As a result, the calculation of each column is independent and can be performed separately. In neon, it is possible for multiple instructions to be scheduled for simultaneous execution, such as the following: (Why? We don't know the exact reasons, but according to the official documentation, although there is no concept of kernel threads like in cuda, neon itself may have similar functional computation channels that allow for concurrent execution of memory loads/stores and computations.)

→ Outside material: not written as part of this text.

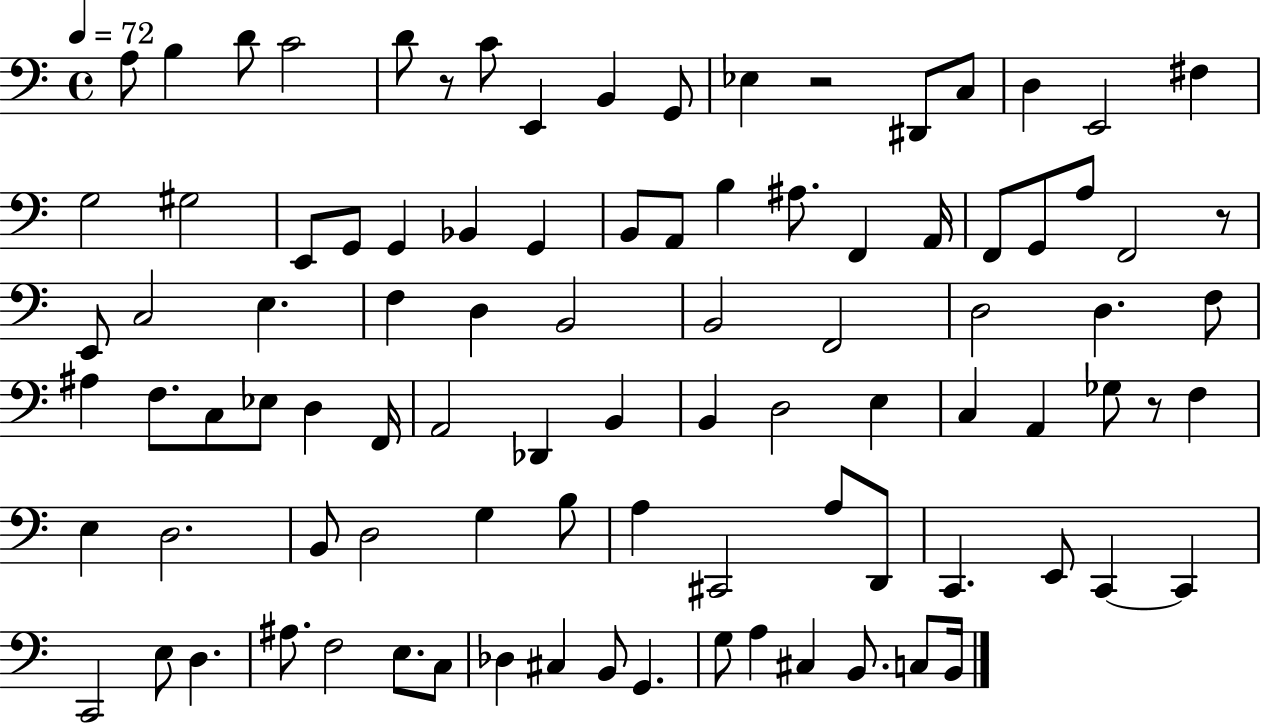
A3/e B3/q D4/e C4/h D4/e R/e C4/e E2/q B2/q G2/e Eb3/q R/h D#2/e C3/e D3/q E2/h F#3/q G3/h G#3/h E2/e G2/e G2/q Bb2/q G2/q B2/e A2/e B3/q A#3/e. F2/q A2/s F2/e G2/e A3/e F2/h R/e E2/e C3/h E3/q. F3/q D3/q B2/h B2/h F2/h D3/h D3/q. F3/e A#3/q F3/e. C3/e Eb3/e D3/q F2/s A2/h Db2/q B2/q B2/q D3/h E3/q C3/q A2/q Gb3/e R/e F3/q E3/q D3/h. B2/e D3/h G3/q B3/e A3/q C#2/h A3/e D2/e C2/q. E2/e C2/q C2/q C2/h E3/e D3/q. A#3/e. F3/h E3/e. C3/e Db3/q C#3/q B2/e G2/q. G3/e A3/q C#3/q B2/e. C3/e B2/s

r0 = vmlaq_lane_f32(r0, a1, vget_low_f32(b0), 1);
r1 = vmlaq_lane_f32(r1, a1, vget_low_f32(b1), 1);
r2 = vmlaq_lane_f32(r2, a1, vget_low_f32(b2), 1);
r3 = vmlaq_lane_f32(r3, a1, vget_low_f32(b3), 1);
The main instructions used in the code
vmulq_lan_f32(a0, a1, lane_idx)
Vector-scalar multiplication, where the scalar value comes from the lane_idx channel of a1.
Pseudocode:
result[0] = a0[0] x a1[lane_idx]
result[1] = a0[1] x a1[lane_idx]
result[2] = a0[2] x a1[lane_idx]
result[3] = a0[3] x a1[lane_idx]
vmlaq_lane_f32(a0, a1, a2, lane_idx)
Multiply-Add Instruction: Pseudocode
a0 + a1 x a2[lane_idx]
Note the data types. Of course, if there is an error, the compiler will prompt an error message.
This instruction can be replaced with
vaddq(a0, vmulq_lan_f32(a1, a2, lane_idx))
It has been changed into two instructions with clear dependency relations.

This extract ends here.